= Brooklyn Heights (book) =

Book by Miral al-Tahawy

First edition

Brooklyn Heights is the fourth novel by Egyptian writer Miral al-Tahawy. It was shortlisted for the Arabic Booker Prize for 2011 and won the 2010 Naguib Mahfouz Medal for Literature The novel, released in Arabic in 2010, was published in an English translation by Sameh Salim from the American University in Cairo Press the following year. Al-Tahawy holds a doctorate in Arabic literature from Cairo University and teaches at Arizona State University in Phoenix, Arizona.

Miral Al-Tahawy, a member of the Al-Hanadi tribe, grew up in a conservative Bedouin village in the eastern Nile Delta. Although "Brooklyn Heights" takes place in the present day, soon after President Obama's election in 2008, her family life and the influence of Bedouin tribal customs, are told in flashbacks. The highly autobiographical novel relates the emigrant experience in New York City of an Egyptian Bedouin woman and her son.

== Plot summary ==

Hend and her 8-year-old son move to Flatbush Avenue in Brooklyn Heights, Brooklyn. in an attempt to escape her failed marriage and the restrictiveness of her family. The story juxtaposes Hend and her son and their attitudes towards the United States. While everything around Hend reminds her of her homeland, her son feels at ease with American culture. Her fortune at a Chinese restaurant triggers a flashback to her life in the Nile Delta.

Hend's father was a lawyer who chose to stroll around town in elegant clothing instead of practicing law. In the evenings he often held meetings in the reception house with his friends.

Hend's parents fought over money daily, and it put an extreme strain on their marriage. Similar to her parents, Hend was also involved in a disconsolate marriage that ended with her husband leaving her.
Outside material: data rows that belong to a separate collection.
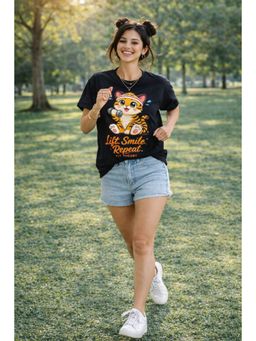 The Fit Theory - Women Oversized T-Shirt - Black Lift Smile Repeat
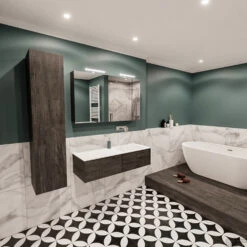 Badkamermeubel BWS Madrid Dark Brown 120x45x30 Cm Mat Witte Solid Surface Wastafel Rechts (2 Lades, 0 Kraangaten) -Duravit Verkoop badmeubel bws madrid 120 dark brown rechts 2ld 0krg detail2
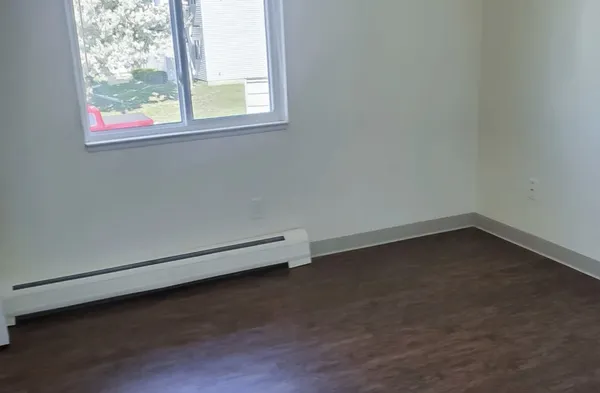 an empty room with a window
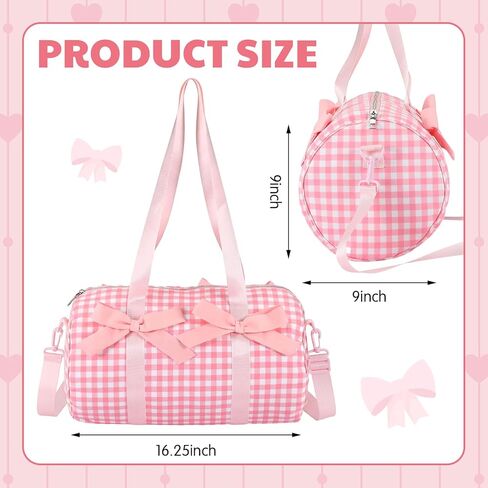 Pink Bows Duffle Bag for Girls Women Gym Sports Ballet Dance Bags Cute Pink Gingham Workout Travel Bag with EVA Lining Adjustable Strap Lightweight for Workout Travel Weekend Trip Sleepover in Saudi Arabia
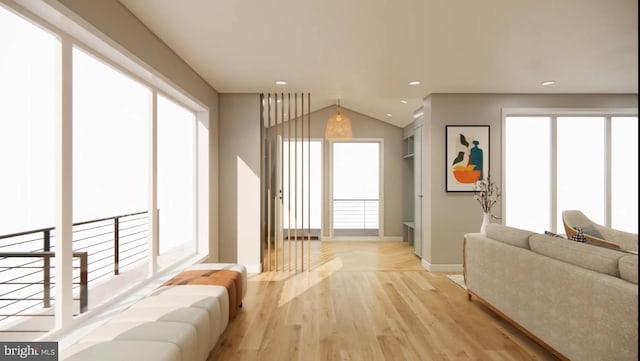 living room with light hardwood / wood-style floors and built in shelves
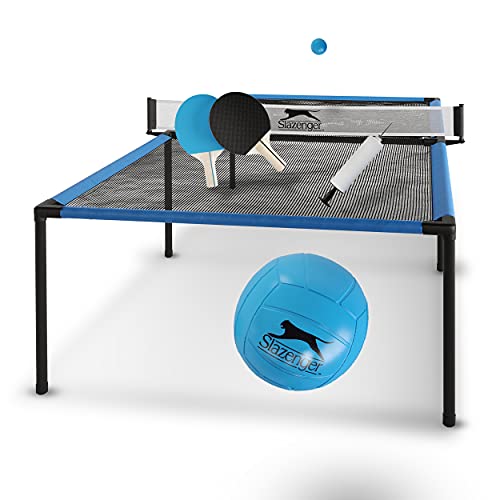 Slazenger Table de tennis de table - Table de Ping Pong - Légère et compacte - 240 x 120 x 63,5 cm, bleu/noir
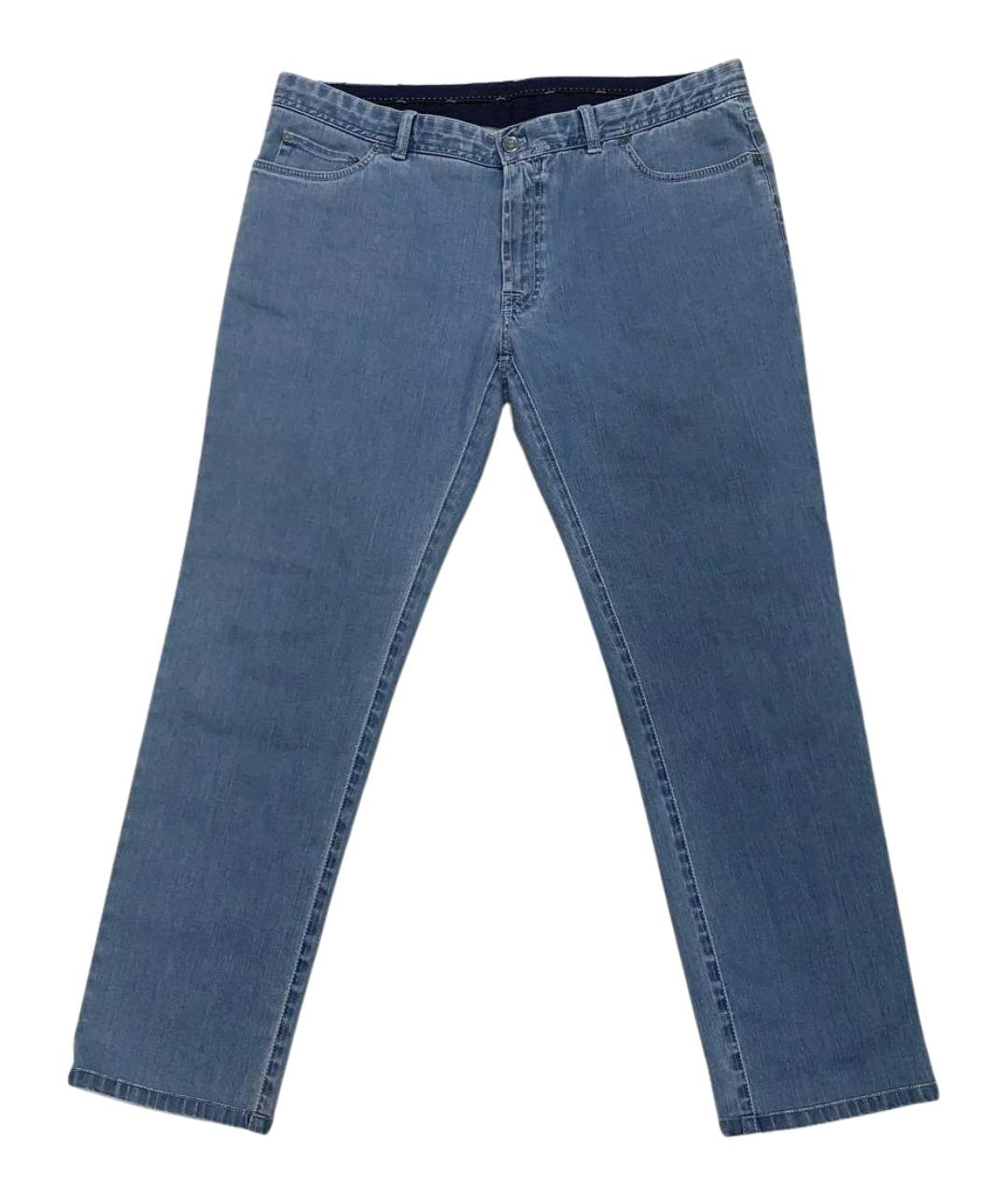 BRIONI Голубые хлопко-эластановые прямые джинсы, фото 1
A few months after Hend's husband left her, he returned to the house where he found her and her son playing basketball outside and asked to join them. Hend's son ends up scoring 57 points and 37 rebounds which incited Hend to take her son to Brooklyn for professional team tryouts.
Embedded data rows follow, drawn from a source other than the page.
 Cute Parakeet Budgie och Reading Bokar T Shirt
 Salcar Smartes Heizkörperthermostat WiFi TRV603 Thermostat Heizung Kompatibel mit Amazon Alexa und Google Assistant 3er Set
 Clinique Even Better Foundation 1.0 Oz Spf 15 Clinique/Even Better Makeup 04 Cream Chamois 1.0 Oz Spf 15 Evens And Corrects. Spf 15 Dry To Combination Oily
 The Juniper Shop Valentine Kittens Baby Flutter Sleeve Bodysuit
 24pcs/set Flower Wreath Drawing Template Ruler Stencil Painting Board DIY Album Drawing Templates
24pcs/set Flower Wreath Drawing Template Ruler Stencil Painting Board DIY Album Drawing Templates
Hend relocated to Brooklyn with the visa she inherited from her husband. She dreams of being a writer but instead finds a job at Dunkin' Donuts in the oldest neighborhood of Arab-American immigrants, the "Brooklyn Gulf". She takes English lessons at night, hoping to find a respectable job, such as a painter, a writer, or an actress.
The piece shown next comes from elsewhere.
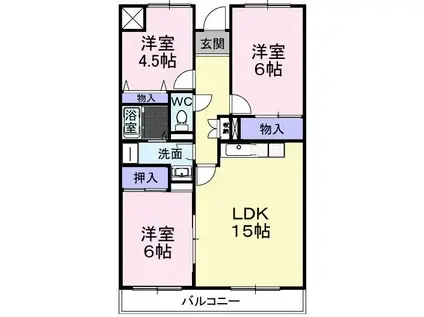 せせらぎ(3LDK/5階)の間取り写真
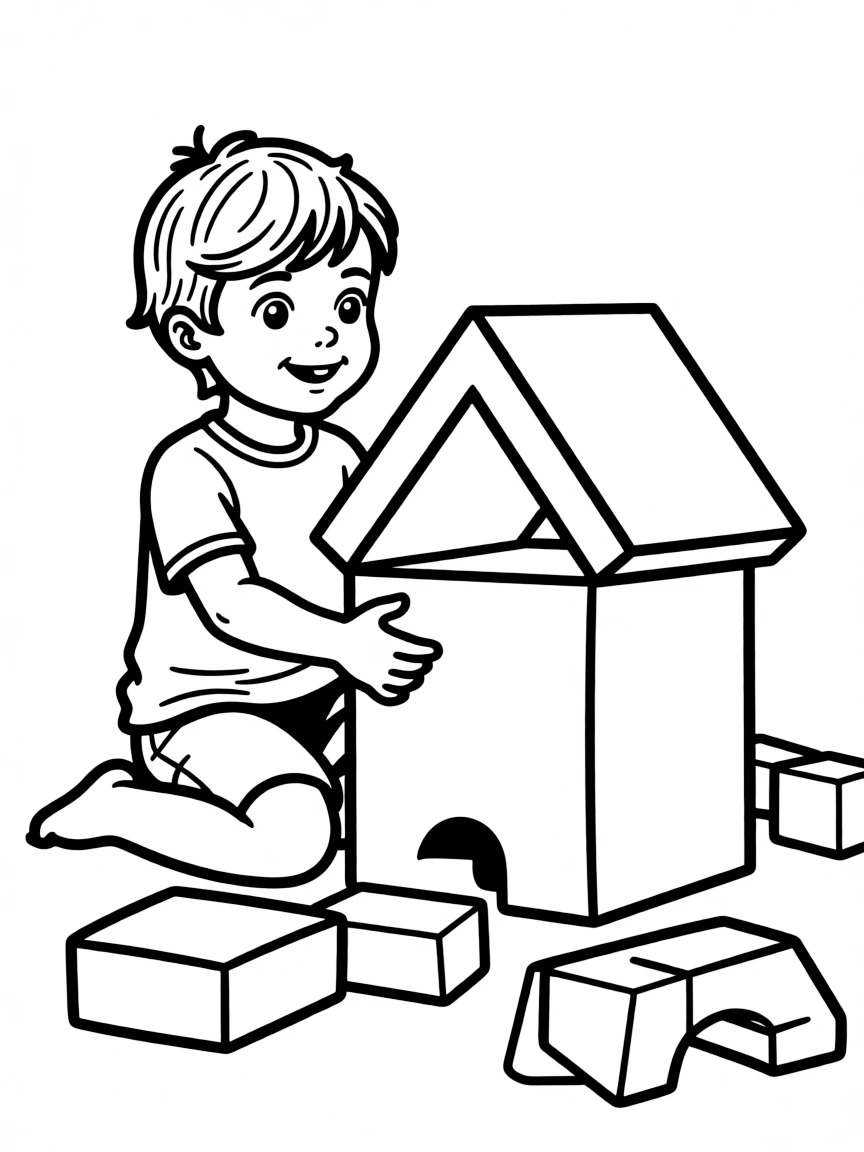A child building a house with blocks.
Hend takes tango lessons from an American man in her apartment building and dates him a couple of times, but he quickly moves on to one of her friends, who spends nights with him. Her friendships with women are equally brief.

She reads poetry to Ziyad, a Palestinian baker who dreams of making movies like Pulp Fiction. Finally, both their dreams come true. He shoots a short film about an Arab immigrant family, with Hend playing the mother.